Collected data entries
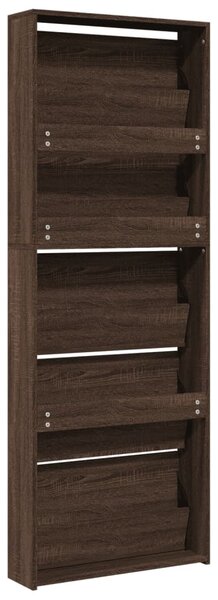 Barna tölgy 5 szintes cipőszekrény tükörrel 63 x 17 x 169,5 cm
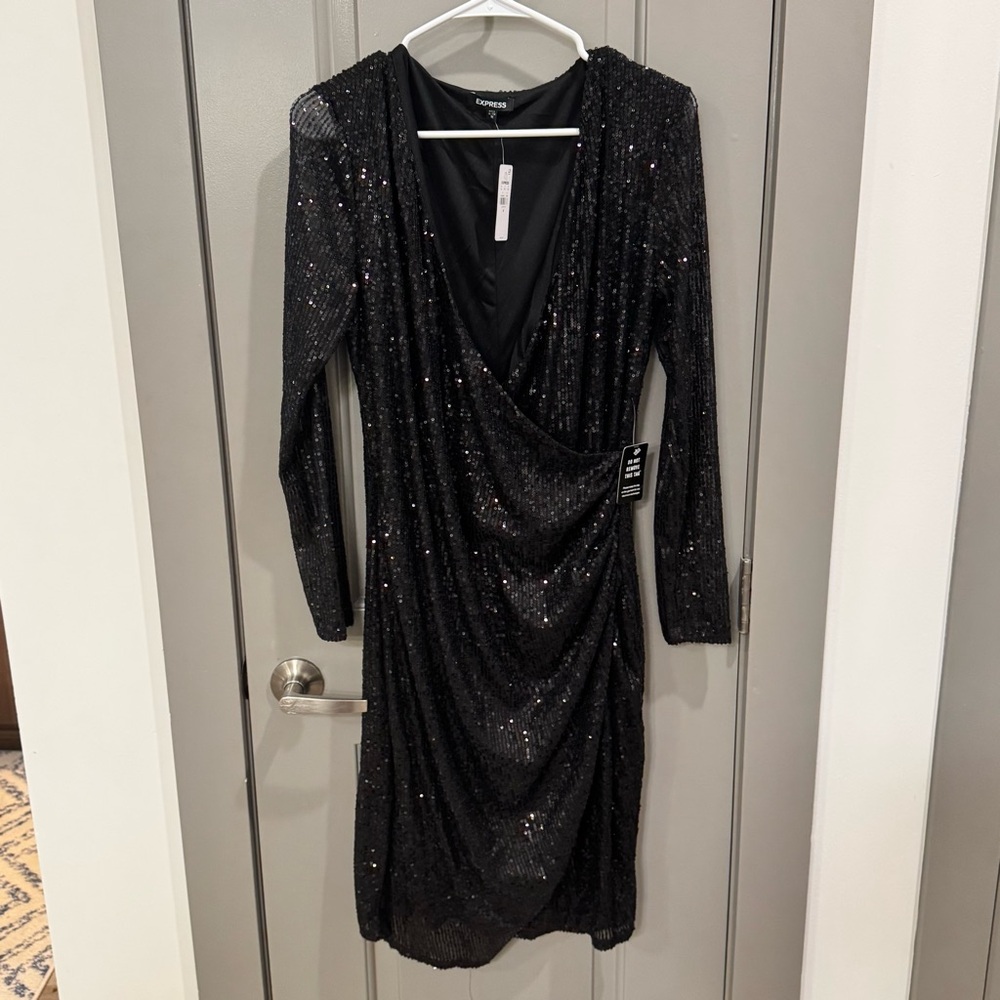 Express Black Sequin Ruched Wrap Dress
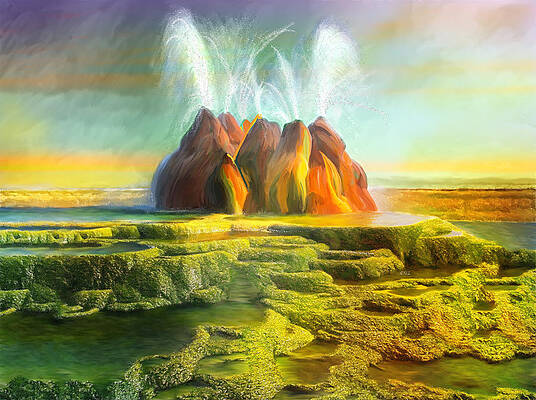 Spitting-Fly Geyser In Nevada by Angela Stanton Spitting-Fly Geyser In Nevada by Angela Stanton
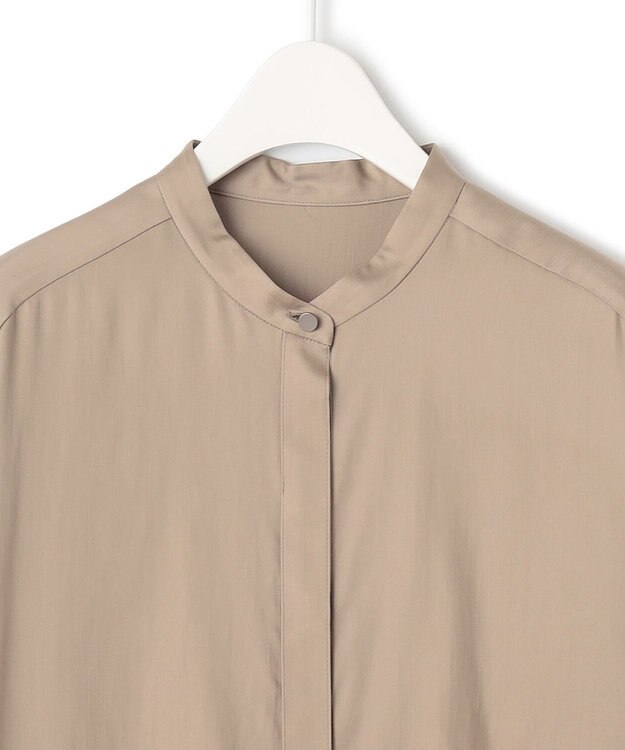 ICB 【WEB限定カラーあり・洗える】 シルキーサテン シャツブラウス モカ系［WEB限定］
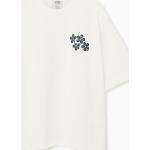 Weiße Bestickte Oversize COS T-Shirts aus Baumwolle für Herren Größe XS 
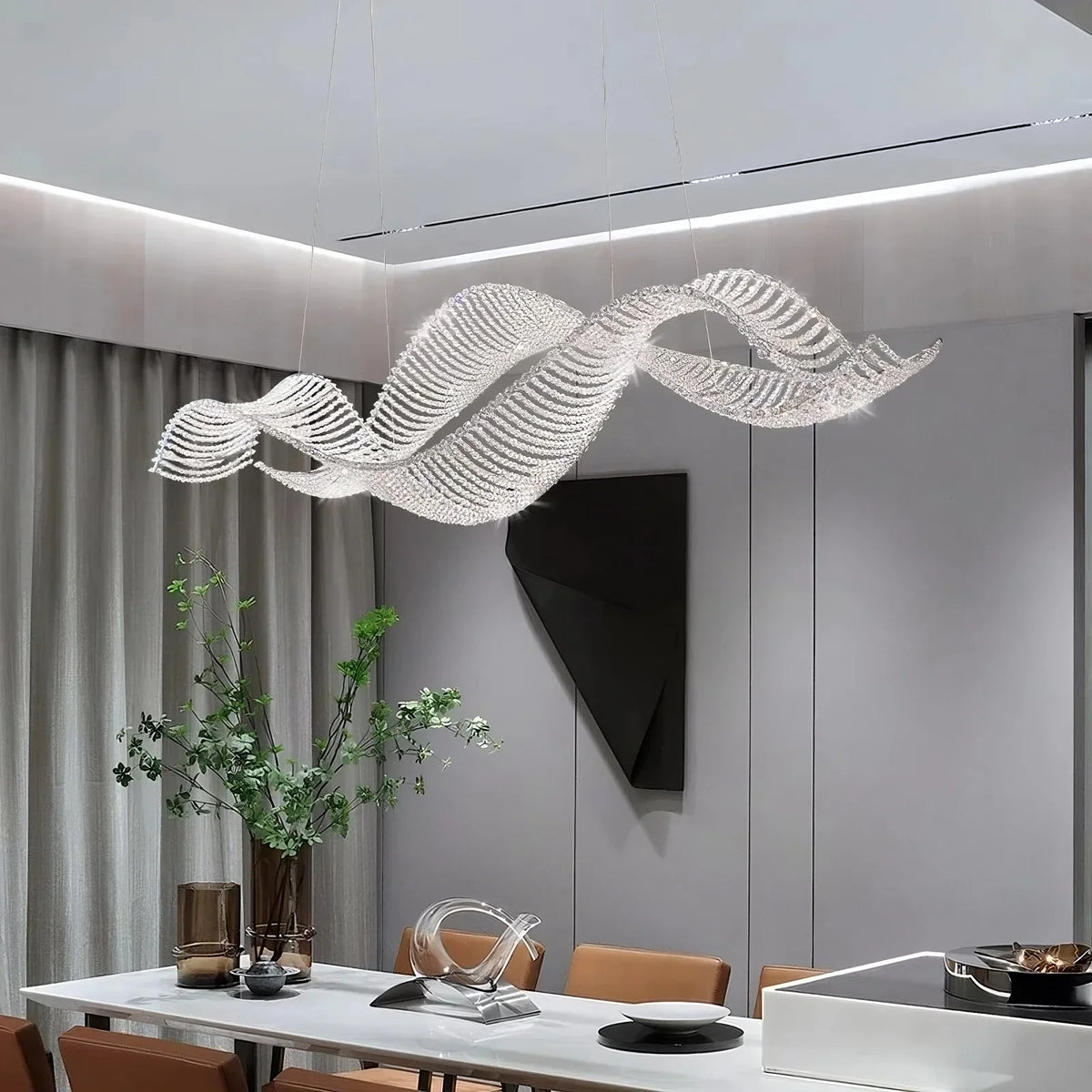 Alleri integrated-LED crystal chandelier full view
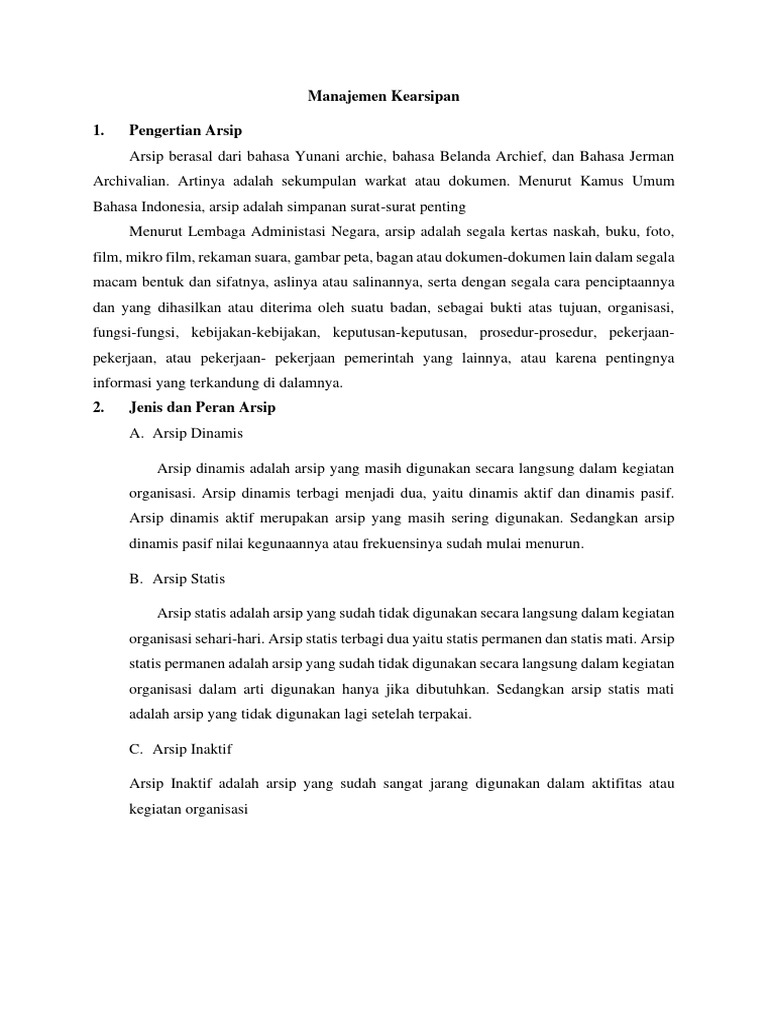 Manajemen Kearsipan dan Jenis Arsip | PDF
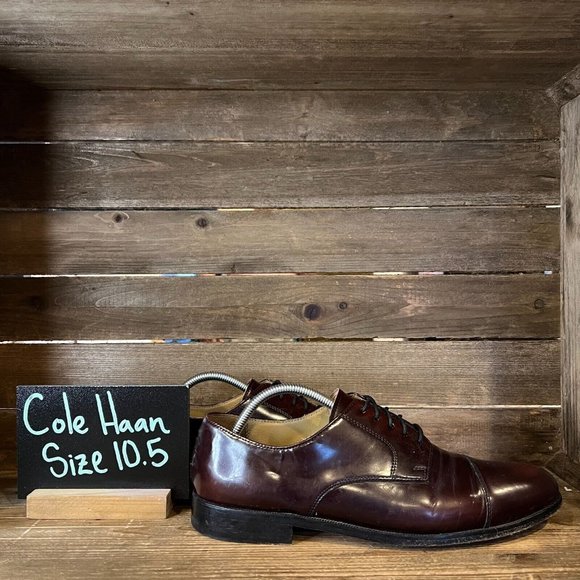 Mens Cole Haan Caldwell Burgundy Leather‎ Cap toe Oxfords Shoes Size 10.5 D GUC - Picture 1 of 7
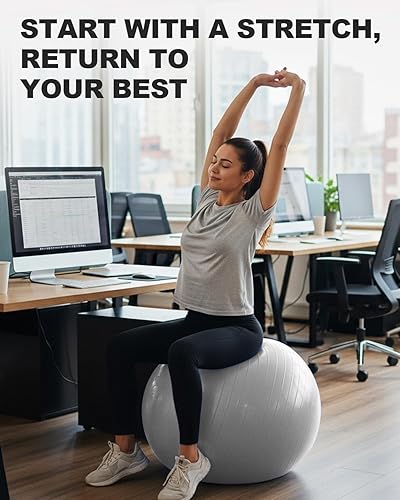 Vista 44 de Trideer Pelota de ejercicio para yoga, pilates y fitness. Equipo de pelota de estabilidad para gimnasio en casa y silla de oficina, accesorios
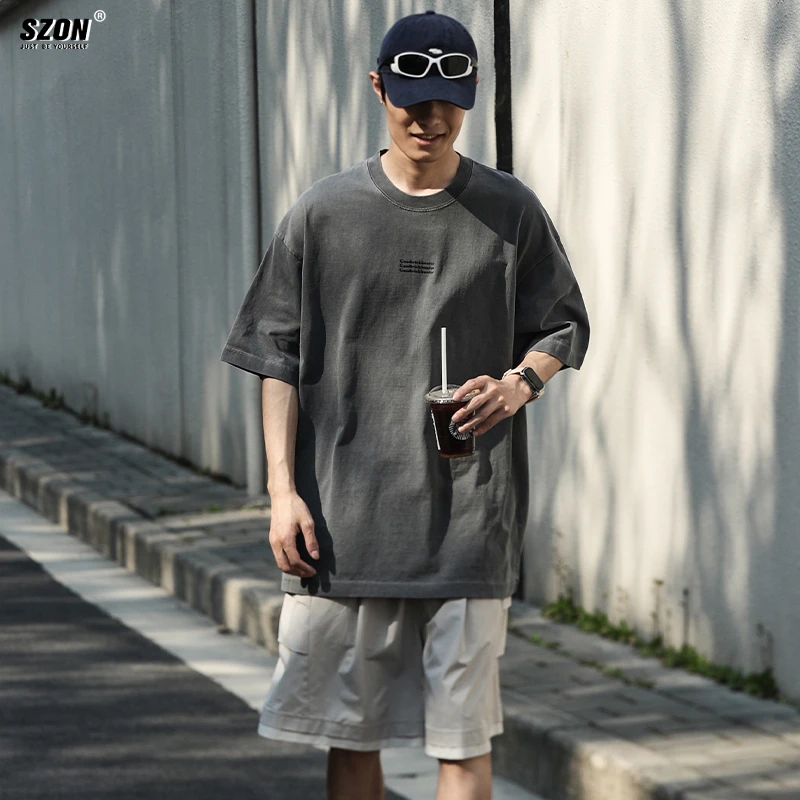 短袖t恤男ins潮牌水洗纯棉半袖宽松百搭男生大码美式圆领上衣夏季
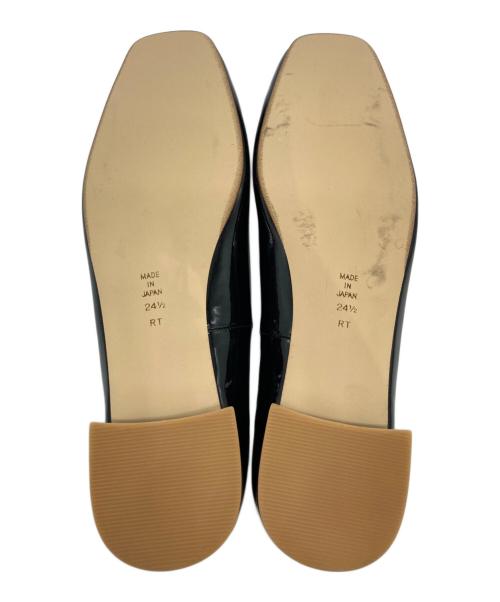 DIANA（ダイアナ）DIANA (ダイアナ) ビジューバックルスクエアトゥフラットパンプス ブラック サイズ:24.5の古着・服飾アイテム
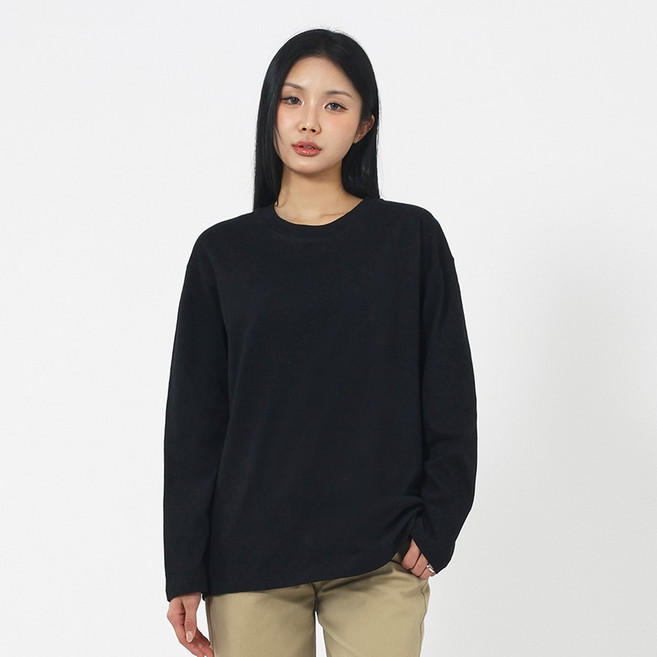 엘쏘 여성용 미니멀 베이직 21수 코튼 롱슬리브 티셔츠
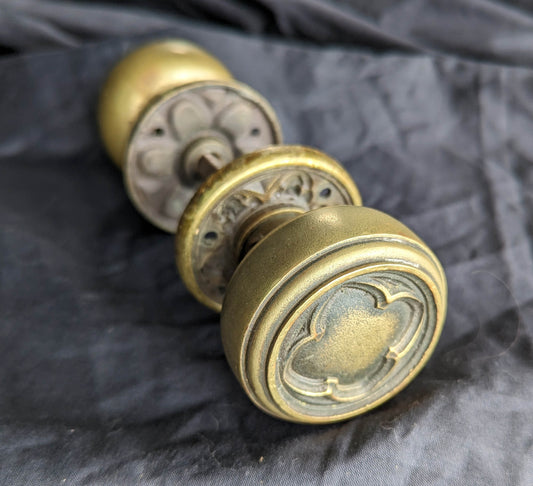 2 Pairs available Antique Vintage Old Salvaged Reclaimed Gothic Set SOLID Brass Quatrefoil Doorknob Door Knobs Plates Rosette Hardware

Aim of the task:
The answer must be an exact copy of the lines from the one containing "엘쏘 여성용 미니멀 베이직 21수 코튼 롱슬리브 티셔츠" through the last line of the records, with no pictures included.

Solution to this problem:
 엘쏘 여성용 미니멀 베이직 21수 코튼 롱슬리브 티셔츠
 2 Pairs available Antique Vintage Old Salvaged Reclaimed Gothic Set SOLID Brass Quatrefoil Doorknob Door Knobs Plates Rosette Hardware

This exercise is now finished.